Insieme a lui vennero crocifissi due ladroni, uno a destra e uno a sinistra.
– Se tu sei Figlio di Dio, scendi dalla croce!
Quelli che passavano di lì lo insultavano, scuotendo il capo e dicendo: «Tu, che distruggi il tempio e in tre giorni lo ricostruisci, salva te stesso, se tu sei Figlio di Dio, e scendi dalla croce!». Così anche i capi dei sacerdoti, con gli scribi e gli anziani, facendosi beffe di lui dicevano: «Ha salvato altri e non può salvare se stesso! È il re d’Israele; scenda ora dalla croce e crederemo in lui. Ha confidato in Dio; lo liberi lui, ora, se gli vuol bene. Ha detto infatti: “Sono Figlio di Dio”!». Anche i ladroni crocifissi con lui lo insultavano allo stesso modo.
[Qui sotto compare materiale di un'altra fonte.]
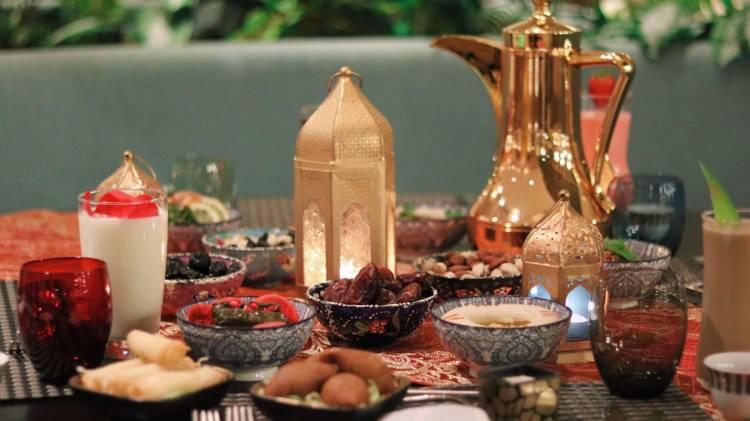 <p><span style="color:#B22222"><strong>İFTAR DUASI </strong></span></p>
<p> </p>
<p>Resûl-i Ekrem (sas), oruçlunun iftar anında yapacağı duanın geri çevrilmeyeceğini müjdelemiş ve kendisi de, "Allah'ım! Senin rızan için oruç tuttuk, Senin verdiğin rızıkla orucumuzu açtık, bizden kabul buyur; çünkü Sen her şeyi işiten ve bilensin" şeklinde dua etmişlerdir.</p>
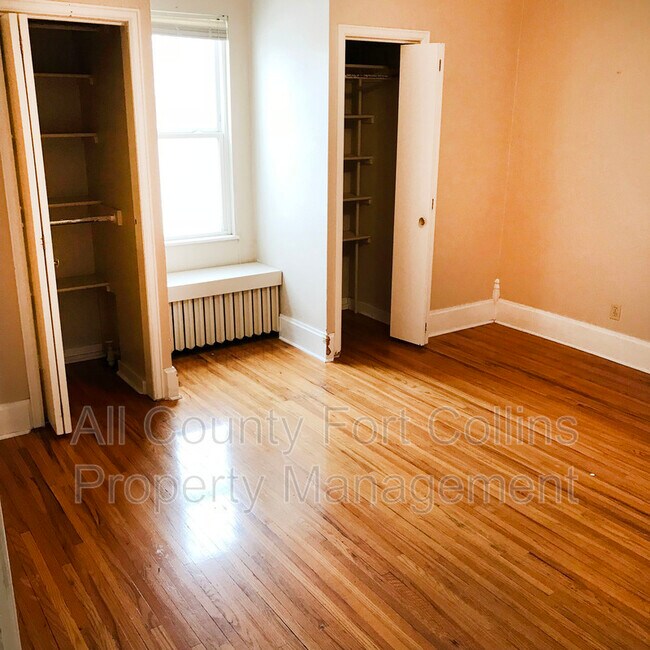 Building Photo - 401 Elm St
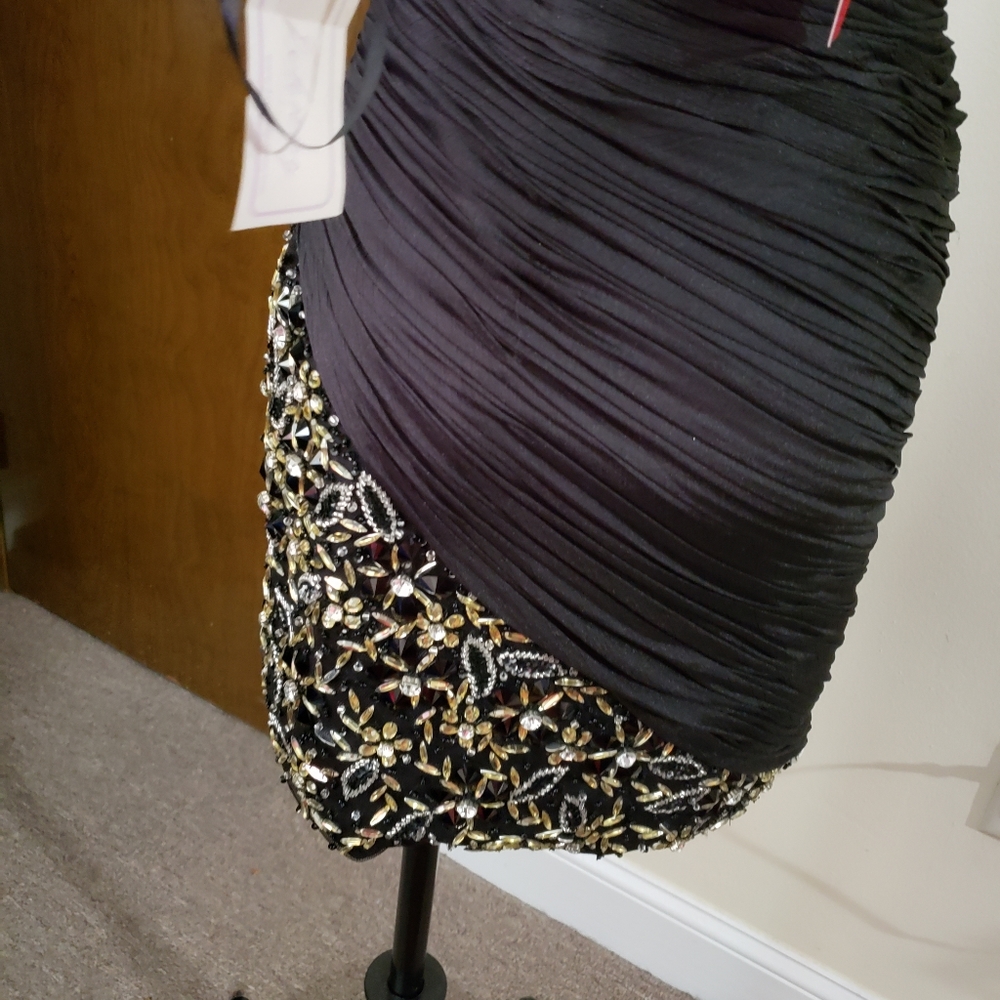 Dress - Picture 3 of 3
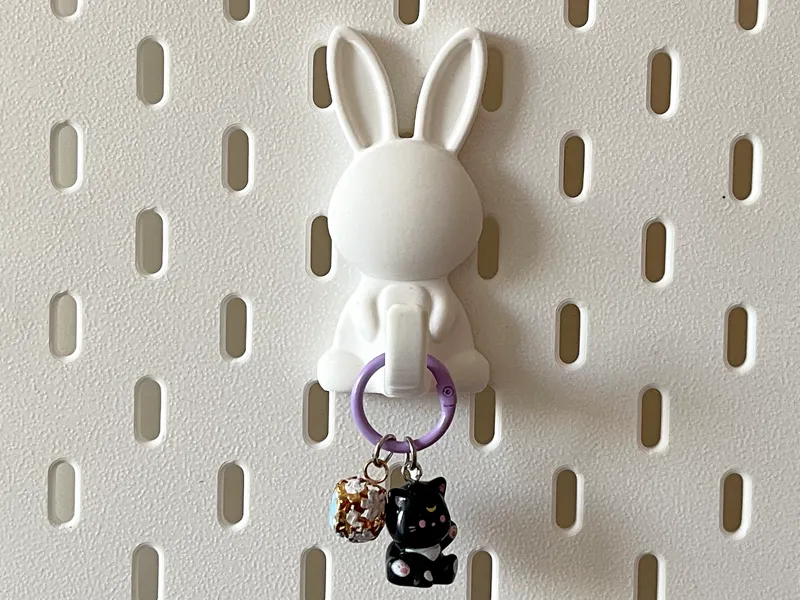 Minimalist rabbit hook for IKEA Skadis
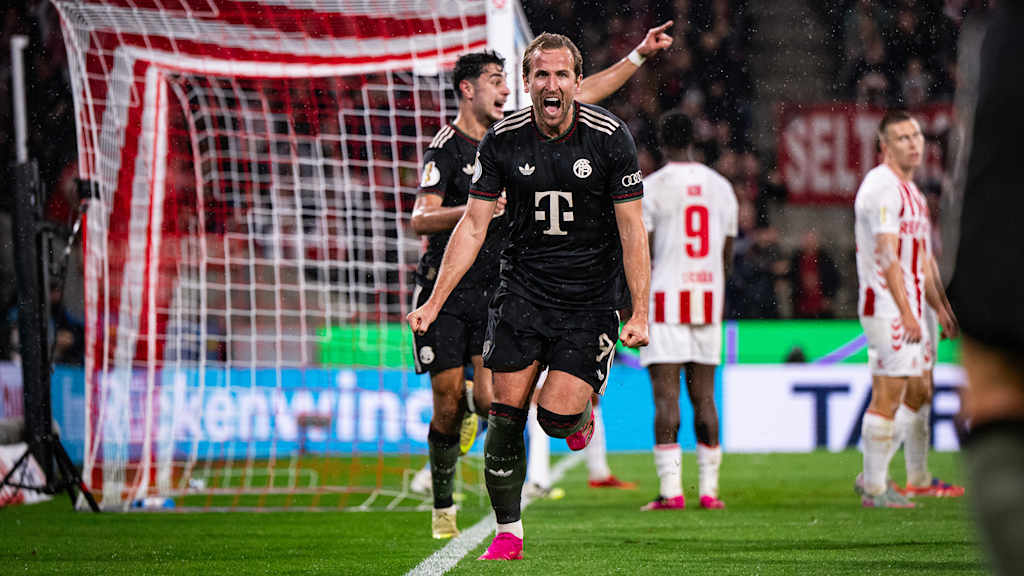 Harry Kane bejubelt sein Tor zum 3:1 im DFB-Pokal-Spiel des FC Bayern beim 1. FC Köln.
– Elì, Elì, lemà sabactàni?
A mezzogiorno si fece buio su tutta la terra, fino alle tre del pomeriggio. Verso le tre, Gesù gridò a gran voce: «Elì, Elì, lemà sabactàni?», che significa: «Dio mio, Dio mio, perché mi hai abbandonato?». Udendo questo, alcuni dei presenti dicevano: «Costui chiama Elia». E subito uno di loro corse a prendere una spugna, la inzuppò di aceto, la fissò su una canna e gli dava da bere. Gli altri dicevano: «Lascia! Vediamo se viene Elia a salvarlo!». Ma Gesù di nuovo gridò a gran voce ed emise lo spirito.
(Qui si genuflette e si fa una breve pausa)
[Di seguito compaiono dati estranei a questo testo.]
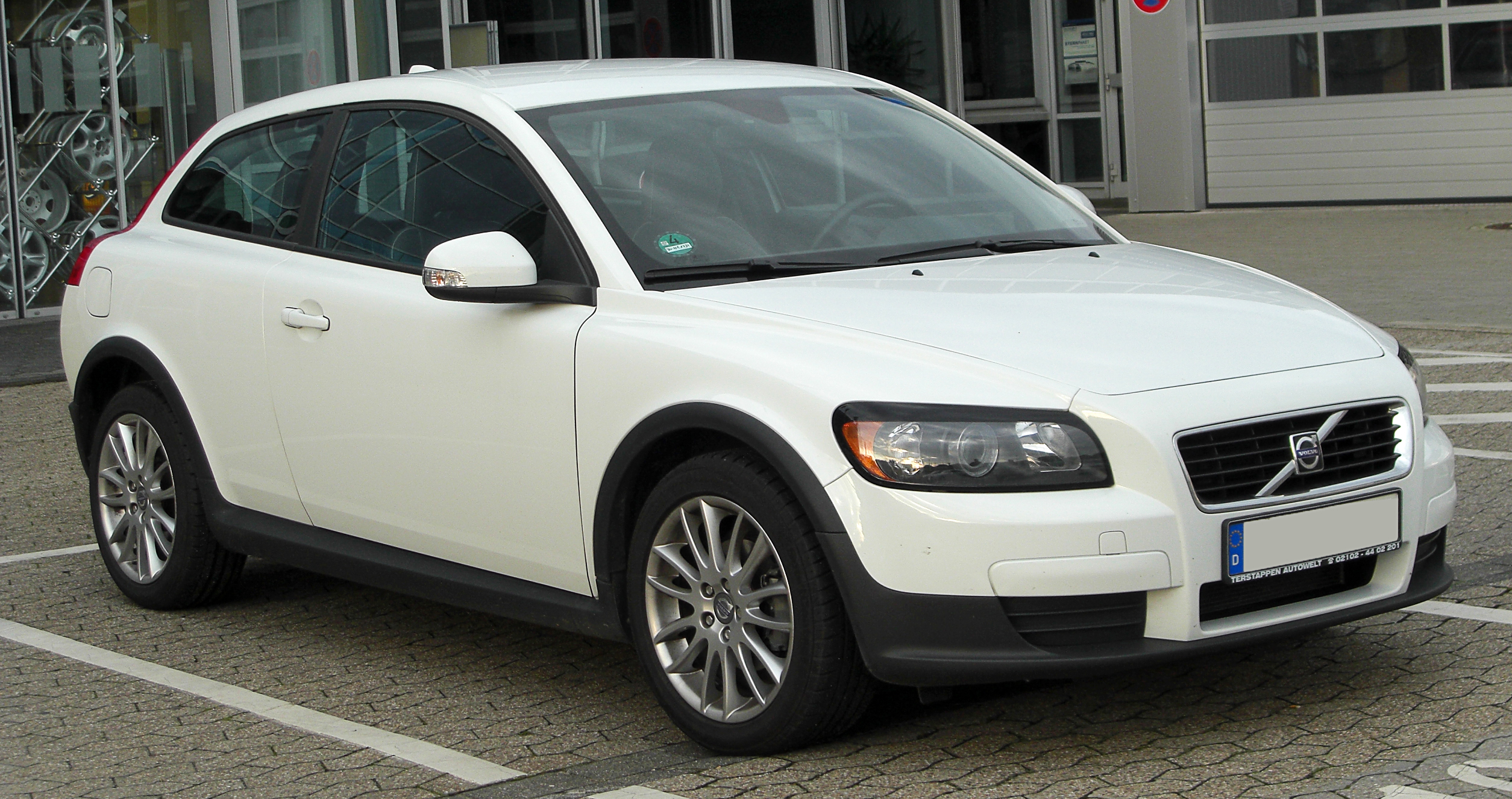 Volvo artık C30 üretmeyecek!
Ed ecco, il velo del tempio si squarciò in due, da cima a fondo, la terra tremò, le rocce si spezzarono, i sepolcri si aprirono e molti corpi di santi, che erano morti, risuscitarono. Uscendo dai sepolcri, dopo la sua risurrezione, entrarono nella città santa e apparvero a molti. Il centurione, e quelli che con lui facevano la guardia a Gesù, alla vista del terremoto e di quello che succedeva, furono presi da grande timore e dicevano: «Davvero costui era Figlio di Dio!».